Increase Your Annual Income Each Year With Dividend Stocks
No Other Asset Class Provides the Long-Term Returns of High Quality Equities
Going through Federal Reserve and securities industry data detailing the investing habits of the average American family, I found it shocking that roughly 7 out of 8 households hold no stocks directly. Not a single share of anything. Several years later, I still can't get it out of my head. This makes no sense to me given that equities, as a class, are the highest performing investment over long periods of time readily available to the general public.
While you have to endure price fluctuations that can be 30% to 50% each year, if you focus on owning profitable businesses that can raise prices as pages of the calendar fall to the floor, and pick management teams that are dedicated to sending this windfall out to you, the owner, in the form of a dividend, you can sit at home and ignore the stock market entirely.
Real World Examples of Increasing Dividend Stocks
Consider some of the stocks my own household holds directly. Many of these I bought awhile ago, when stocks were much cheaper. I intend to hold them, all present known factors considered, for a very long time. When I originally wrote this article in late February, 2014:
- The Nestlé board of directors proposed a cash dividend increase to 2.15 CHF from the 2.05 CHF it paid out to the owners the previous year, a jump of 4.8%.

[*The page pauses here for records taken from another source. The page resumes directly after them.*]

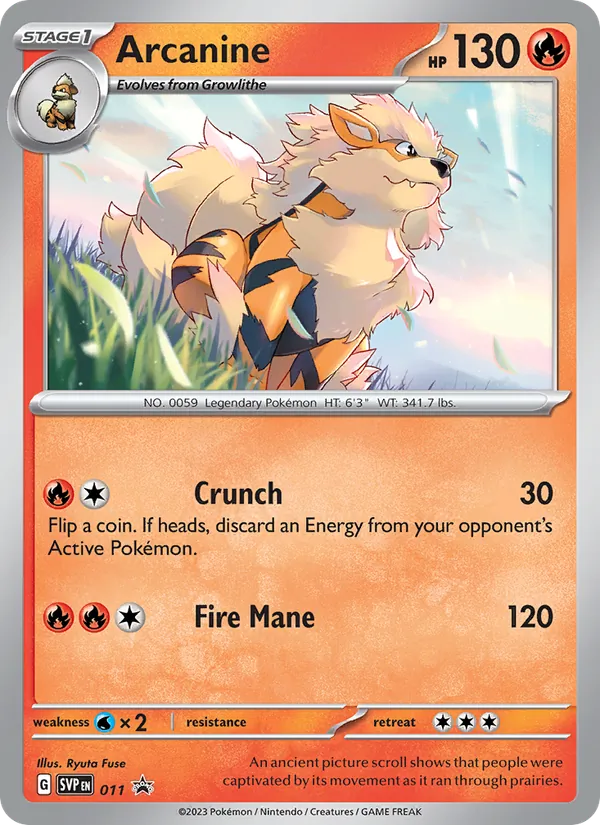 Arcanine SVP Black Star Promos 011/225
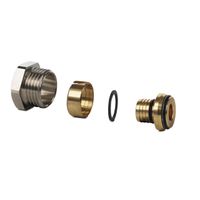Raccordi a vite con serraggio per tubi compositi multistrato, G 1/2" A, 16x2, nichelati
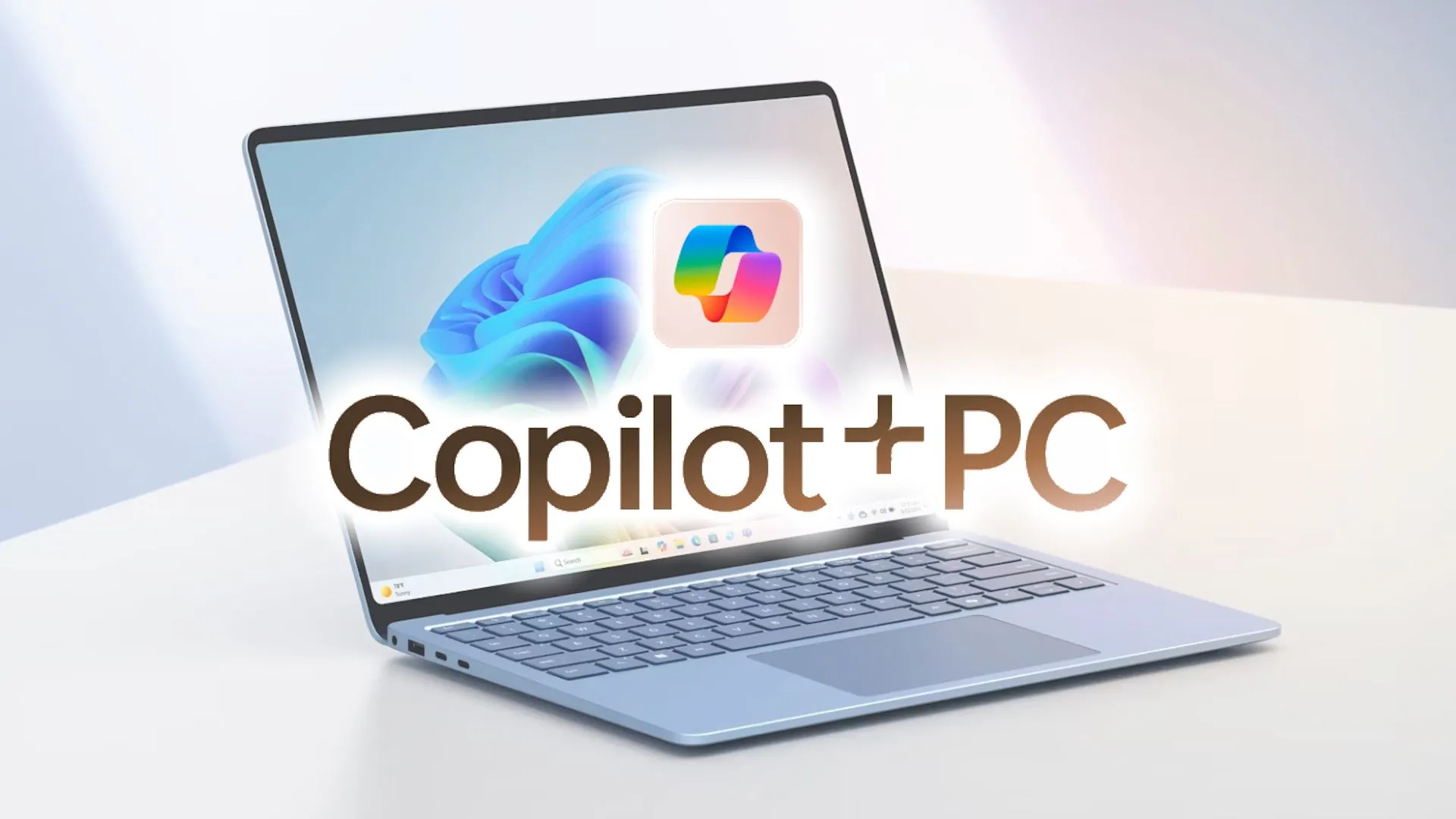 Laptop Microsoft Surface AI với thương hiệu Copilot, biểu tượng cho xu hướng AI PC và sự phụ thuộc vào đám mây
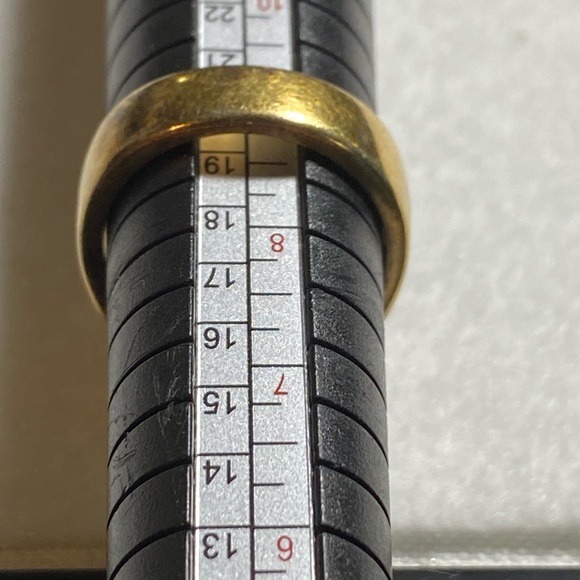 18 KT HGE gold plated with clear stone ring, size 9 - Picture 3 of 13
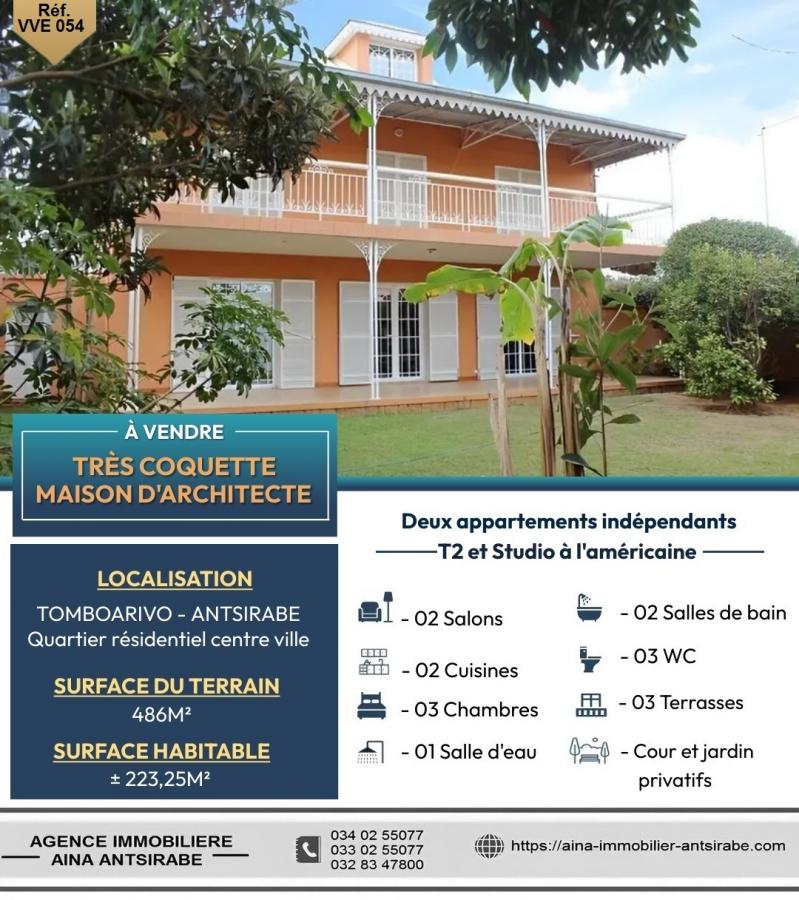 Vente Maison/Villa ANTSIRABE MADAGASCAR  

- The Coca-Cola Company announced it was increasing its dividend to $1.22 per annum from $1.12, a jump of 9.0%.
- The Walt Disney Company raised its dividend to $0.86 from $0.75, a hike of 15.0%.
- Dr. Pepper Snapple Group increased its dividend to $1.64 from $1.52, a pay raise of 7.8%.

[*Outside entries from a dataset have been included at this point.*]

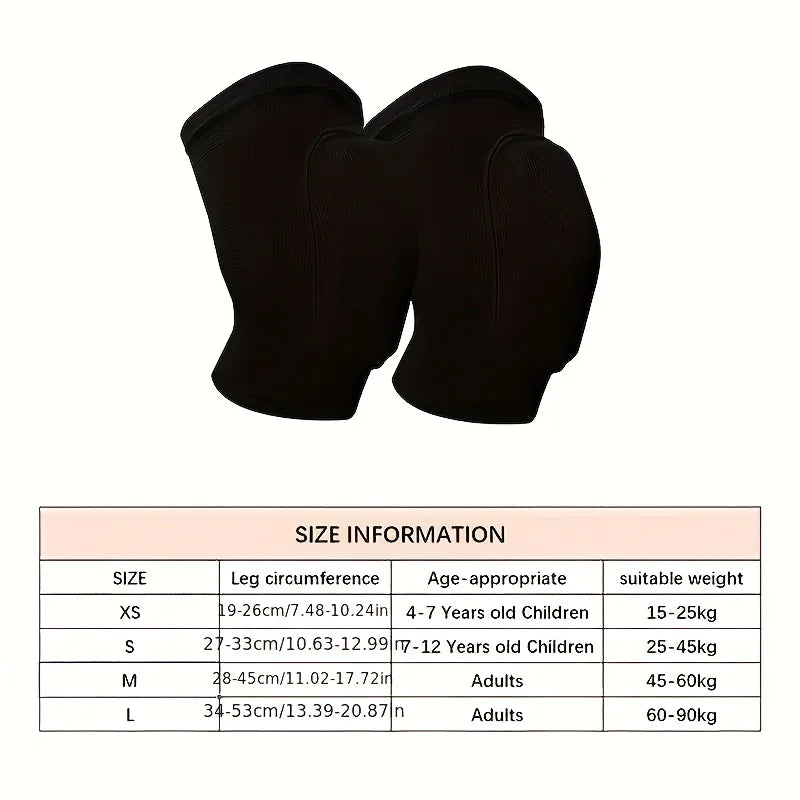 Protective Sponge Knee Pads for Sports and Fitness - 4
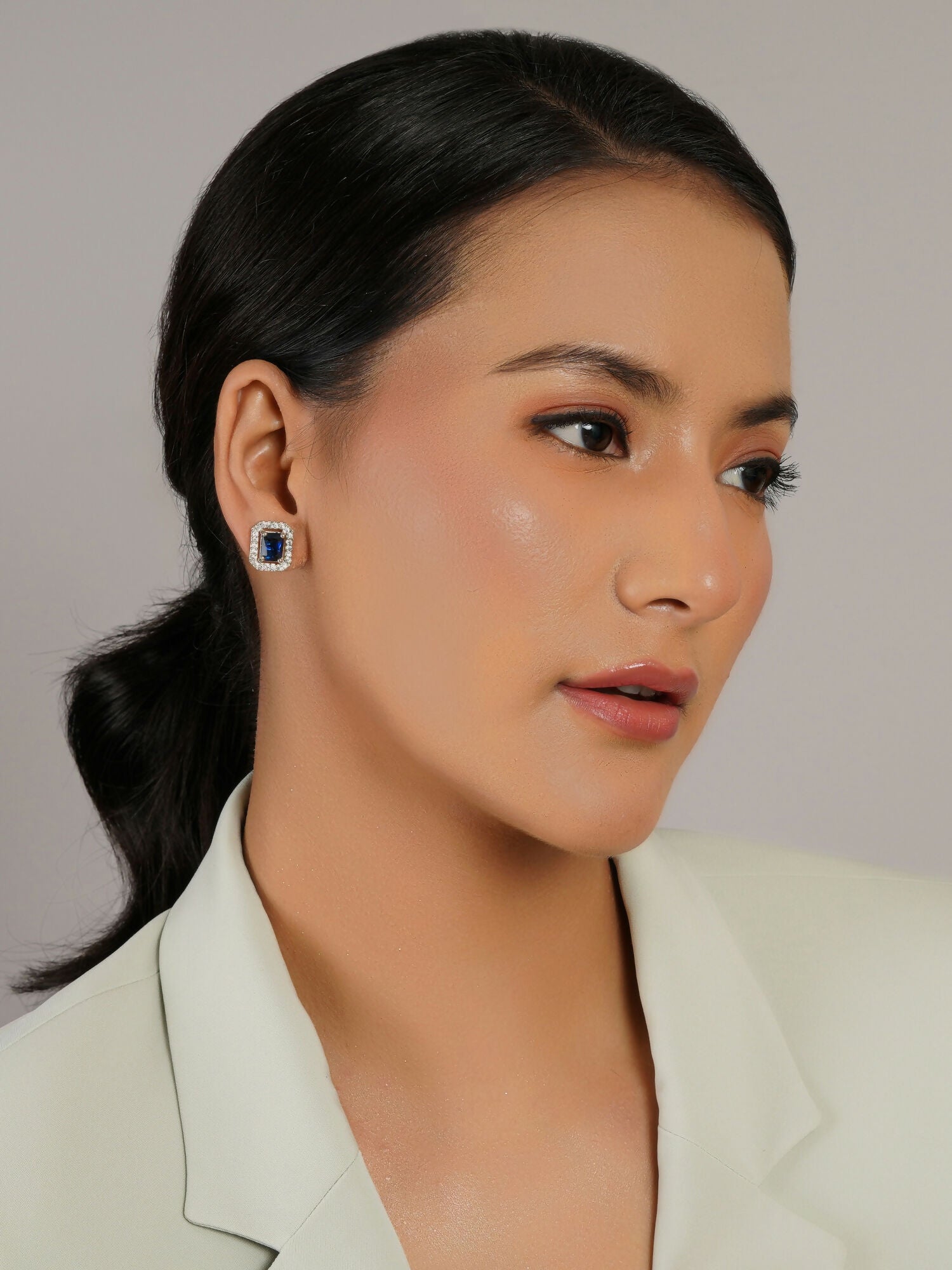 stone stud (Blue) - Ruby Raang - Distacart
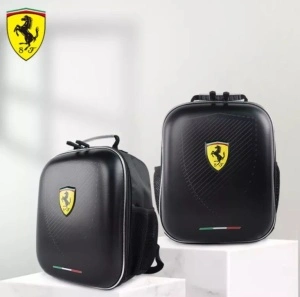 Ghiozdan Ferrari design 3D, culoare neagra - Img 2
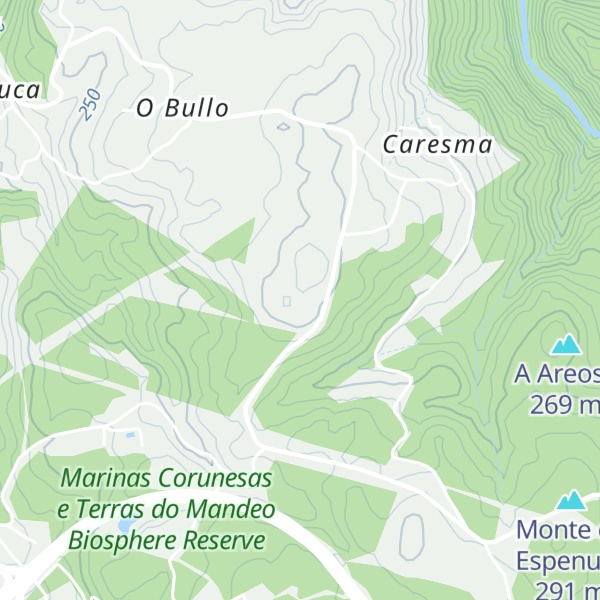 Map of Monte da Pedreira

- McCormick & Company raised its dividend to $1.48 from $1.36, an increase of 8.8%.
- United Technologies raised its dividend to $2.36 from $2.14, an increase of 10.3%.
The list goes on and on, across multiple industries, and dozens of companies. My siblings, parents, in-laws; I've carefully and patiently helped them construct portfolios of high quality assets, blue chip stocks included, that should deliver ever-rising gushers of cash income for them to spend, save, donate, or reinvest, even if we were to go into another Great Depression. Over many weeks, months, years, and, again, decades, we've built up a collection of ownership in mining stocks, gilt-edged bonds, pharmaceutical giants, banks, and conglomerates.
Some of the securities in my portfolio have been there for more than a dozen years. To illustrate: One of the oldest positions I still hold in a joint brokerage account with my spouse is a gasket and sealant company I received as a spin-off from an aerospace engineering firm I was buying as a freshman in college, using my savings and part-time earnings to fund the transactions. The latter split into two and I kept the distribution before ultimately selling the original holding. It's worth roughly 1,000% more than I paid for it despite two major stock market crashes, multiple wars, and a housing bubble. When I bought it, YouTube hadn't been invented and Bill Clinton had barely left office.
I've watched it skyrocket, and crash, multiple times, yet the underlying firm is still profitable, and has a unique position in its industry, so I have no plans on selling my stake to anyone else. I like owning it. This behavior is extremely rare for most investors, yet it's the secret to my success. Pick your stocks like a lifelong spouse, not a one-night stand.
Dividend Stocks Are For Everyone
There is nothing unique, or special, about my family that makes it any different from yours. Why aren't other people taking advantage of an asset that delivers streams of passive income, that allow you to collect checks from your share of the profit? Coca-Cola, for example, has raised its dividend every year for fifty years. Half a century! I'm young - in my early 30's - yet when I was born the cash dividend was a split-adjusted $0.01291.
Yes, as in, barely over 1¢ a share. It's now at $1.22 a share because the soda, water, tea, and coffee giant can raise prices with inflation across the planet in more than 200 countries and roughly 90 effective currencies. Its distribution and marketing power are unparalleled.
If the price of ownership is attractive - namely, if the earnings yield relative to treasury bond yields is good - how can someone not be attracted to it? Who cares that the stock is like a roller coaster? How is that relevant to living off the stream of checks they mail you? All you need is a good initial price. It does not take a mathematical genius to calculate that a single share bought today for $37.77 should distribute pre-tax cumulative cash dividends of $77.16 to $119.98 over the next 25 years and you'll still own the firm at the end of that period short of some unforeseen event. Even if you pick a dud that eventually goes bankrupt, it can still make a lot of money - see my Eastman Kodak case study as a real world illustration.
Learn all you can about valuing common stocks or, if you aren't up to that, investing in low-cost index funds. Historically, a recipe of dollar cost averaging into them for decades, combined with reinvested dividends and a good tax strategy has been a winner that could turn even the most ordinary of households into a bastion of wealth. The country is full of secret "Millionaire Next Door" types who have done precisely that.